Derzeit haben wir die Festwochen der autoritären Herrscher mit antieuropäischer Tendenz. Tayyip Erdogan kommt diese Woche, Wladimir Putin die nächste. Beide sind zu Hause mächtig, mischen sich gerne im "nahen Ausland" ein, haben aber potentielle Schwächen. Ihr Modell ist Stärke, Nationalismus, Religion als Politikbestandteil (sunnitisch bzw. russisch-orthodox) - und vor allem keine westlichen Narreteien wie Menschenrechte, Oppositionsrechte und (sexuelle) Toleranz.

Das offizielle Österreich wird den einen Autokraten mehr oder minder ignorieren (obwohl er massiv auf die türkischstämmige Bevölkerung einwirkt) und den anderen distanziert hofieren (wie nur wir das können).

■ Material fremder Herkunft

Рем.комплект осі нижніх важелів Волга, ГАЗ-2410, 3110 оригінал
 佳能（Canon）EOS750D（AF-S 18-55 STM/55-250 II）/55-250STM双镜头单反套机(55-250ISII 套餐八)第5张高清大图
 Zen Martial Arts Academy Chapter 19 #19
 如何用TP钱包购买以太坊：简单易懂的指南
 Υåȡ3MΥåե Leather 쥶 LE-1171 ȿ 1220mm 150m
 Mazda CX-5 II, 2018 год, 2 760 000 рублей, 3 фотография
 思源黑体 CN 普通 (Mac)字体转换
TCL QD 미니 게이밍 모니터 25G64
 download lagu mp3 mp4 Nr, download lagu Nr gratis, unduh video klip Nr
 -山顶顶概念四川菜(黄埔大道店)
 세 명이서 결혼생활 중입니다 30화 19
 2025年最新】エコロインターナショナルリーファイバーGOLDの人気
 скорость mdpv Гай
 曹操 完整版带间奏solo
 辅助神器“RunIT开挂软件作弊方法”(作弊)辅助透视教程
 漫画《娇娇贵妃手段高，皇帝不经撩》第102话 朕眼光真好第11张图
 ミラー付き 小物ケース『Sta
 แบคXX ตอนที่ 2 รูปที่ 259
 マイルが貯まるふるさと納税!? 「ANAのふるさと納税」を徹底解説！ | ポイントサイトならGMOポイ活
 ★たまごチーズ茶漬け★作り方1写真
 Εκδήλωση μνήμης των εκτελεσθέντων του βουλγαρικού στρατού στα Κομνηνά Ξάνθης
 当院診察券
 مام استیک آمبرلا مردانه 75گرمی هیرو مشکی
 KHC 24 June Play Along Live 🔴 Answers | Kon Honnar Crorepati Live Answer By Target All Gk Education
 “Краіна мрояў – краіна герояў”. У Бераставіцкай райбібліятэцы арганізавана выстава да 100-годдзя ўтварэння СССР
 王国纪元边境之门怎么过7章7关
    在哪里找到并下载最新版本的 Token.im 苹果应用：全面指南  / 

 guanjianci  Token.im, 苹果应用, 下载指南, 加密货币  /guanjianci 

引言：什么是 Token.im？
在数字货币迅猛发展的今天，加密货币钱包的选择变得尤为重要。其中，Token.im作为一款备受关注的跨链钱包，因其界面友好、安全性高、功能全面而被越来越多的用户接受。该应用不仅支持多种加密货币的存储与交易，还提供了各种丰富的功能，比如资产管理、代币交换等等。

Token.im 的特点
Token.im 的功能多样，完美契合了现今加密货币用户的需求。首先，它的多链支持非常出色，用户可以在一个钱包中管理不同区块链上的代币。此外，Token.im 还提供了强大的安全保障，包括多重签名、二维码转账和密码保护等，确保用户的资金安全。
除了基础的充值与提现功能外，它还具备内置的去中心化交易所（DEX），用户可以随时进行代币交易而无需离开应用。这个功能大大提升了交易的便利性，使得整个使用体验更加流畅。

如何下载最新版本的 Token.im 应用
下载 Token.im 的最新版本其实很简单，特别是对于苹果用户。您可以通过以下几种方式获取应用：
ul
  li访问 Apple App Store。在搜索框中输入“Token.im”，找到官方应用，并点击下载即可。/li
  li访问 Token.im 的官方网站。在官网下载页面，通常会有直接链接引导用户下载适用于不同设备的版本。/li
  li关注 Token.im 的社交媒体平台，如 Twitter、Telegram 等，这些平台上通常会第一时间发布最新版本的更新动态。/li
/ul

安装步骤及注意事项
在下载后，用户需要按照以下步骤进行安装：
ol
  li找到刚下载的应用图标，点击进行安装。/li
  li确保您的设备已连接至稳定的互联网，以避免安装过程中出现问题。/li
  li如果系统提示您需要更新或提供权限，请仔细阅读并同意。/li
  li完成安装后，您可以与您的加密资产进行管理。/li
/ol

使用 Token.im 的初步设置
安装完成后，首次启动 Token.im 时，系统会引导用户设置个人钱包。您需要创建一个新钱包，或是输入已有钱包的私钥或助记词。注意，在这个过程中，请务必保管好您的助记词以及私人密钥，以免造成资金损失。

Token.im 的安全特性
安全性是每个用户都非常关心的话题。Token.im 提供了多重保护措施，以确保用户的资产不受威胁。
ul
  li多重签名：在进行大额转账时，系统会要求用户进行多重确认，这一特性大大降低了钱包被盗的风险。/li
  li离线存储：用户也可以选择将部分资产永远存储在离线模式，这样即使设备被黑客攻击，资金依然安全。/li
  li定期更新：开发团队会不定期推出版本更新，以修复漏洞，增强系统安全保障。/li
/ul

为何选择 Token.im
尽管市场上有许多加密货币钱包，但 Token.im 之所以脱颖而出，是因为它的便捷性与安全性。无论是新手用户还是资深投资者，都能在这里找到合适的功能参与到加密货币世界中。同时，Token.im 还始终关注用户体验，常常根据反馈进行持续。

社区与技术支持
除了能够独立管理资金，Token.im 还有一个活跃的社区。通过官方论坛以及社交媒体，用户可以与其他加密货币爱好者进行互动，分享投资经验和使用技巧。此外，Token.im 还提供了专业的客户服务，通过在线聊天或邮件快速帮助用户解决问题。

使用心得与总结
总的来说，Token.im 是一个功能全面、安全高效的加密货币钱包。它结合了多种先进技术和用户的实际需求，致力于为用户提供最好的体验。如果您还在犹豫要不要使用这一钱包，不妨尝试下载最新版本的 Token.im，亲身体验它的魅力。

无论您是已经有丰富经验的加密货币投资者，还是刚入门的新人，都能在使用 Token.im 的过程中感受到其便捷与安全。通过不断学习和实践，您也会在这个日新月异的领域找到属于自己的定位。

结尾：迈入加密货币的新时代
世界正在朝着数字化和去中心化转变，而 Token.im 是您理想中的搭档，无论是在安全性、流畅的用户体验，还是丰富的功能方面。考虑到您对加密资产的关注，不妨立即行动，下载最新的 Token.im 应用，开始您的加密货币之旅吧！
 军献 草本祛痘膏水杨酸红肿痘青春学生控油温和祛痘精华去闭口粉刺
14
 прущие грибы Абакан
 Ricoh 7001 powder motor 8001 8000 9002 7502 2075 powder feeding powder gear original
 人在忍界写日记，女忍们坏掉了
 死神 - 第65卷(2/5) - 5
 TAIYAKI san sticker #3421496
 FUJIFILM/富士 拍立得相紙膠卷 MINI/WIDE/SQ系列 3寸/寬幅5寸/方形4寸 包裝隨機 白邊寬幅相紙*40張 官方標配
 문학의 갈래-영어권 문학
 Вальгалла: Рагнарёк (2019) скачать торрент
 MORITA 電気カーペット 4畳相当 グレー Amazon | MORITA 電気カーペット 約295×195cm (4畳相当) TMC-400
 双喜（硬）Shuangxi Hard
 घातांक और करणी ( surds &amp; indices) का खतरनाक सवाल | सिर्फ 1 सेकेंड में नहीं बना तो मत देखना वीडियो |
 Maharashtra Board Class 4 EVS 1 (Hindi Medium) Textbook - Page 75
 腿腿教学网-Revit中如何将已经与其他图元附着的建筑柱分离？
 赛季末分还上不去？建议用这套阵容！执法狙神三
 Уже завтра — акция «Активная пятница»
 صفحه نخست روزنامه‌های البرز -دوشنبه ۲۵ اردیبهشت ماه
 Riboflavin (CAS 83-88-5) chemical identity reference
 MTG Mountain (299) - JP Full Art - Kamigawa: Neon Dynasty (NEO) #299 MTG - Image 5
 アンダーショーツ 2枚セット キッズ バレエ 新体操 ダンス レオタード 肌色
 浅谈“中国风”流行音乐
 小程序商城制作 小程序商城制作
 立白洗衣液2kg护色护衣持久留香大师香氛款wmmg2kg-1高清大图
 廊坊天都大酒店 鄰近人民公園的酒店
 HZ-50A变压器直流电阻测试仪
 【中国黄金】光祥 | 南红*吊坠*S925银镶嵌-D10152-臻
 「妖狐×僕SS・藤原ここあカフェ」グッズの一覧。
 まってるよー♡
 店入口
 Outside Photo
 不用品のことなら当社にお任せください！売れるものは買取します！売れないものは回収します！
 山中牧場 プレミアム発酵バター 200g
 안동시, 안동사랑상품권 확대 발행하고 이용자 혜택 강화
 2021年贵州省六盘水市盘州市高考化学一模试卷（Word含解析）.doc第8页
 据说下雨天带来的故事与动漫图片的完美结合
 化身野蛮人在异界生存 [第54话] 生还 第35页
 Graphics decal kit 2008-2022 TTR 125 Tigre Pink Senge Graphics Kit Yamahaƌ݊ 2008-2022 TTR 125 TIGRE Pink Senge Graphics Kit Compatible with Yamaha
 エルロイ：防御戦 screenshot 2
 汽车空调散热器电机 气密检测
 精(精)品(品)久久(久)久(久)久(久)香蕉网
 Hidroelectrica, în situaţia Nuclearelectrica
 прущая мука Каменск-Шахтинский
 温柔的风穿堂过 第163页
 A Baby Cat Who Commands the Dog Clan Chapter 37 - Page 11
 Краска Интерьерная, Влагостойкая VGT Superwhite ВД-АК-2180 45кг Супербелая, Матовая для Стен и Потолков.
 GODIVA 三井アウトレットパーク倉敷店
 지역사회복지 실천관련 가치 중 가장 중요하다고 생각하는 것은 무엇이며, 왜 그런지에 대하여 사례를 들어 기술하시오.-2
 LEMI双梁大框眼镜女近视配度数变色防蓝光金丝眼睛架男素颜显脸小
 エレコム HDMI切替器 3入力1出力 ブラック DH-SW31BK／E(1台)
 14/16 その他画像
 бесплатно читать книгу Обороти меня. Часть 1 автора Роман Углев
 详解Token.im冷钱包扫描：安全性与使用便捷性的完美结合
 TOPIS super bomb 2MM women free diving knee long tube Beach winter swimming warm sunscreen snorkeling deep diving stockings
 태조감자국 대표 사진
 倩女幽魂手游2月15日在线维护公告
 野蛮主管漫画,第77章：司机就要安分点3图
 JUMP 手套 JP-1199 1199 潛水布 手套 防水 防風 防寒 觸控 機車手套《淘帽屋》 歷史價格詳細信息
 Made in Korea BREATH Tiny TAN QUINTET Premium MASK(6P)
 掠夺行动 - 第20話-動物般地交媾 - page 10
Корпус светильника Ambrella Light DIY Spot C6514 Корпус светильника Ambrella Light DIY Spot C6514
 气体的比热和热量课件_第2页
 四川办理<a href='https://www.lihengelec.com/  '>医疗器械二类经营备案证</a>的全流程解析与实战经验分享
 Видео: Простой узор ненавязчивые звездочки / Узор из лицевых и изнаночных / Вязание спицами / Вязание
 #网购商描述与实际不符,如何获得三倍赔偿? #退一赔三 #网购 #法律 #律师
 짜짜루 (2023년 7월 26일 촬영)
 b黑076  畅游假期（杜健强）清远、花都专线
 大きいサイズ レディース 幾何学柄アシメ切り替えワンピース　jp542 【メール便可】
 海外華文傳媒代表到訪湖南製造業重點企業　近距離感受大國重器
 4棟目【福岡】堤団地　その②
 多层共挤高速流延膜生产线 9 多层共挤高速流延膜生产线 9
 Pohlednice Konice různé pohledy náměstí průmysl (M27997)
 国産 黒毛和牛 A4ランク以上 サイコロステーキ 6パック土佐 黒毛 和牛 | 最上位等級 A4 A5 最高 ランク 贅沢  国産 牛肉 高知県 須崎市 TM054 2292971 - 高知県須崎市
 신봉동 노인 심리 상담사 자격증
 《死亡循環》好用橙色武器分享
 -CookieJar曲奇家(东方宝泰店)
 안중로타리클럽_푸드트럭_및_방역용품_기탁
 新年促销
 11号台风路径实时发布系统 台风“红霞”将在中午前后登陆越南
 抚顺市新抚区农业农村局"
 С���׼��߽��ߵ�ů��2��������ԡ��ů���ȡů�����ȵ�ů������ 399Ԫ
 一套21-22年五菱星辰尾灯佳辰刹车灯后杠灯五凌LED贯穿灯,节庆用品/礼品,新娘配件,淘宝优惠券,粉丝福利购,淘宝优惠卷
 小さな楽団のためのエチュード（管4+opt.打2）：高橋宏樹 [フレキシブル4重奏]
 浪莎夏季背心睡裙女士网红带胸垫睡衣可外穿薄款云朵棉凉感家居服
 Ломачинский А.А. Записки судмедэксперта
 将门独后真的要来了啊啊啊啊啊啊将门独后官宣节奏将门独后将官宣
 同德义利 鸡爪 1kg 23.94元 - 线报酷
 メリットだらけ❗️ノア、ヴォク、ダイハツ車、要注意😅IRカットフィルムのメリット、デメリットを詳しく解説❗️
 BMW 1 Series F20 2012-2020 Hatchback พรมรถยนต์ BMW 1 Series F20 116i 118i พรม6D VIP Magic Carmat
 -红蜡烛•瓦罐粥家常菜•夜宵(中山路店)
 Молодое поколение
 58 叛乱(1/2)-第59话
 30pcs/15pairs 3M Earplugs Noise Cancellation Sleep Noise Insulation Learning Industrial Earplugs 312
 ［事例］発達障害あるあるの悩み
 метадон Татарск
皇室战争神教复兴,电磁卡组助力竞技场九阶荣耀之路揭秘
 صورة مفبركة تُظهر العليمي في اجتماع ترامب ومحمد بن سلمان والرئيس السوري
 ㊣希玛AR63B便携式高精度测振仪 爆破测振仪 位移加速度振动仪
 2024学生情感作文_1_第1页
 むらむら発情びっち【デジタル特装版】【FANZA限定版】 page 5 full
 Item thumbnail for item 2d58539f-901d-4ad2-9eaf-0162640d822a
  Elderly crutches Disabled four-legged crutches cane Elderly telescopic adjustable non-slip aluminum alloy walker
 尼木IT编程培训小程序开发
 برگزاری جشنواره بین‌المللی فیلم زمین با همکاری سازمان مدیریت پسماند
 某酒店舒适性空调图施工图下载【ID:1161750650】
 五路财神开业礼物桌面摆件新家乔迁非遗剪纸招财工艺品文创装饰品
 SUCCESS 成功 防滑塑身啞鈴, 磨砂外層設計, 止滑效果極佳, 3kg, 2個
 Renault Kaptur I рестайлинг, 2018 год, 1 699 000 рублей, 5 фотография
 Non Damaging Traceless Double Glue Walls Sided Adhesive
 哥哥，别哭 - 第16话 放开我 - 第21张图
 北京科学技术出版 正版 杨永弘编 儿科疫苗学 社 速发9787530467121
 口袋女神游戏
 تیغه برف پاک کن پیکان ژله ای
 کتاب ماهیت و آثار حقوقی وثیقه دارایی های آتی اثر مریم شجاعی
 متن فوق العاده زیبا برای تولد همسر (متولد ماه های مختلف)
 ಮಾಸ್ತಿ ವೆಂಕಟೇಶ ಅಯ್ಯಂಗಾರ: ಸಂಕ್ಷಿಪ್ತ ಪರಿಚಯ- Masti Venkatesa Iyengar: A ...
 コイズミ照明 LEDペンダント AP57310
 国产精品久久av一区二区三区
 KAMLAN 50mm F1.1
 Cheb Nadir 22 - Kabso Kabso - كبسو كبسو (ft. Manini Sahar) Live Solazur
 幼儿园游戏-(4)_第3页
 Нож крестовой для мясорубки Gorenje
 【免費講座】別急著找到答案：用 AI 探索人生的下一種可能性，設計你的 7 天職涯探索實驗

Jedenfalls haben wir wieder so etwas wie außenpolitische Themen. Wer es noch nicht gemerkt hat: Wir haben einen Krieg in Europa. Russland gibt bewaffneten Banden in der Ostukraine Flugabwehrraketen und Panzer, es droht außerdem mit dem Gasabdrehen, um diesen osteuropäischen Staat (wieder) unter seine Gewalt zu bringen. Seine ideologischen Unterstützer sind allerdings schon unzufrieden mit ihm: Letzte Woche wurde in Moskau für einen Einmarsch in der Ostukraine demonstriert, der Hypernationalist Alexander Dugin (kürzlich in Wien, mit Strache dabei) warnte Putin vor Zurückhaltung, die "persönlicher Selbstmord" sei. Das wird die Sympathisanten Putins in Europa - den französischen Front National, die heimische FPÖ - in ihrem Glauben an den mächtigen Feind der EU nicht wankend machen (noch nicht). Andere sollten nachdenklich werden. Wir wissen inzwischen, dass die seltsam vielen Putin-Versteher in den Internetforen teilweise von einer russischen Tarnfirma bezahlt werden. Eine andere Sache sind die Manager, Unternehmer und Banker, die sehr intensive wirtschaftliche Beziehungen zu Putins Russland haben und froh sind, dass dort einer "Ordnung hält" (Schutzgeld inklusive).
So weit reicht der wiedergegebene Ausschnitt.